If you affirmatively answer the first two questions, would you approximate the
national and world populations as they would be had these conceptions been
brought to term? Estimated current population and cumulative planetary
population numbers over the duration of the time that males and females have
been considering each other would both be interesting to review.
If abortion in this context is considered religiously to be sinful, it appears
that substantial amounts of sin have heretofore been overlooked, which may be
a boon to ecumenical markets everywhere. The opportunities for arguing in
favor of original sin appear to be enhanced, and guilt awareness campaigns and
their associated salvific collection efforts could follow apace.

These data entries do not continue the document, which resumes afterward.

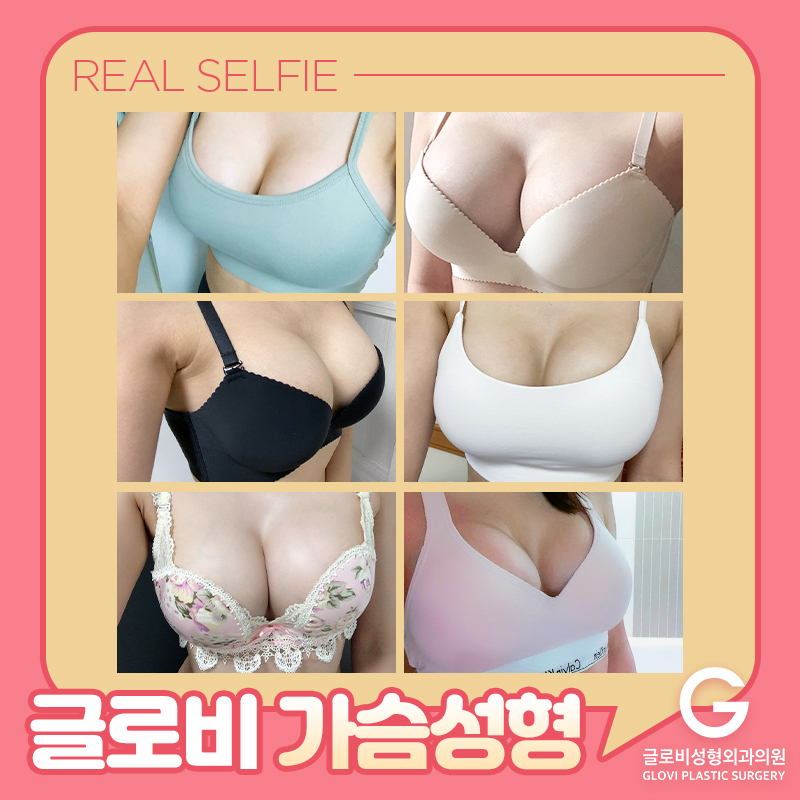 가슴지방이식후기, 줄기세포가 들어가면 효과가 좋을까? 관련 이미지 1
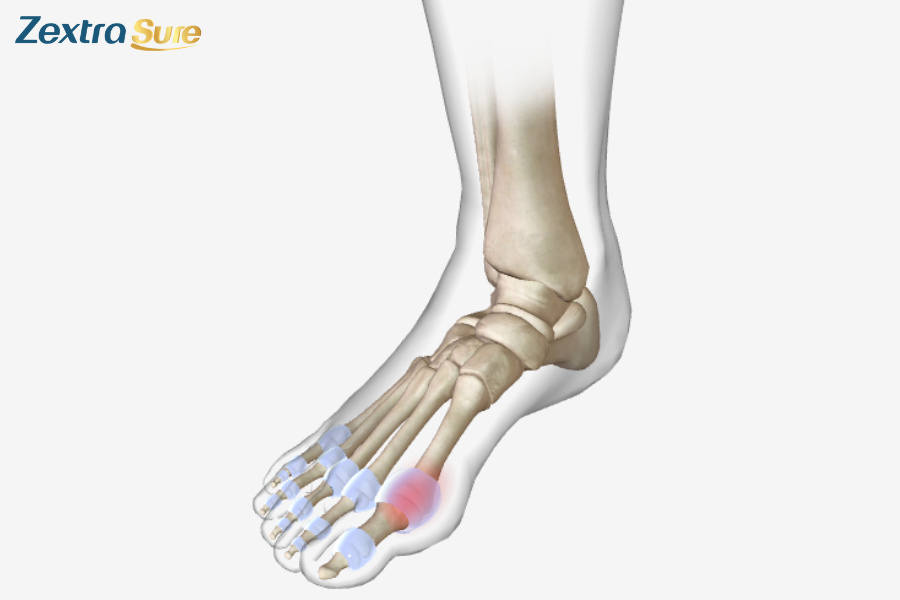 Gout is worse at night because of hormones and circadian rhythm changes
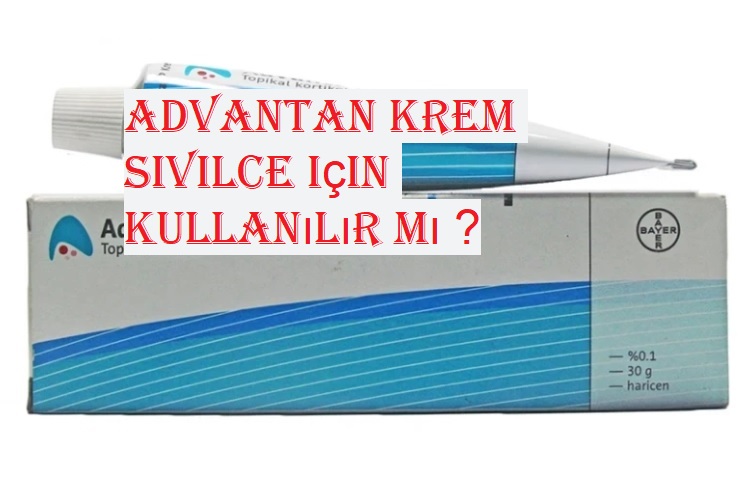 Advantan krem sivilce için kullanılır mı ?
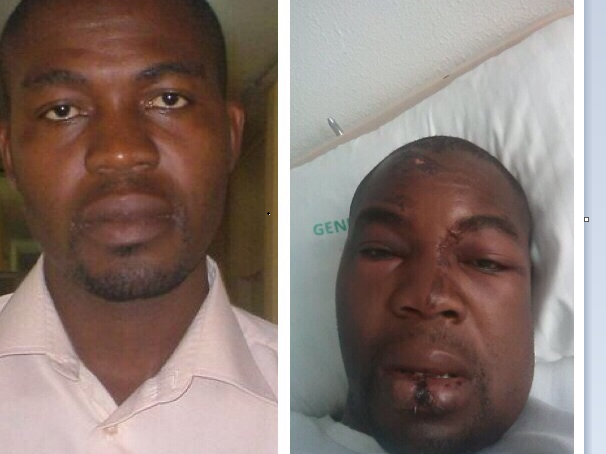 Maurice Chikapa (Left) as he was ok and then beaten on right)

One wonders about the results of reconsideration of the same-sex preference
sector of the presumed universal sinner market. Are same-sex gazers at one
another less sinful because of the impossibilities of conception and fruitful
issue, and therefore of the lack of abortions implied, or are they just as
guilty because same-sex gazing is in and of itself sinful? Do gays get a
relative sin quantity break because straights are both violating marriage vows
and aborting, whereas gays are more likely not married and conception-free?
If, with these considerations, gays are generally less sinful, does this imply
that there are relatively more gays in heaven? Does it imply that relatively
more gays are promoted to sainthood than are straights? At that level of
existence, does sexuality make any difference? Just how diverse is heaven?
Under-entertained minds want to know.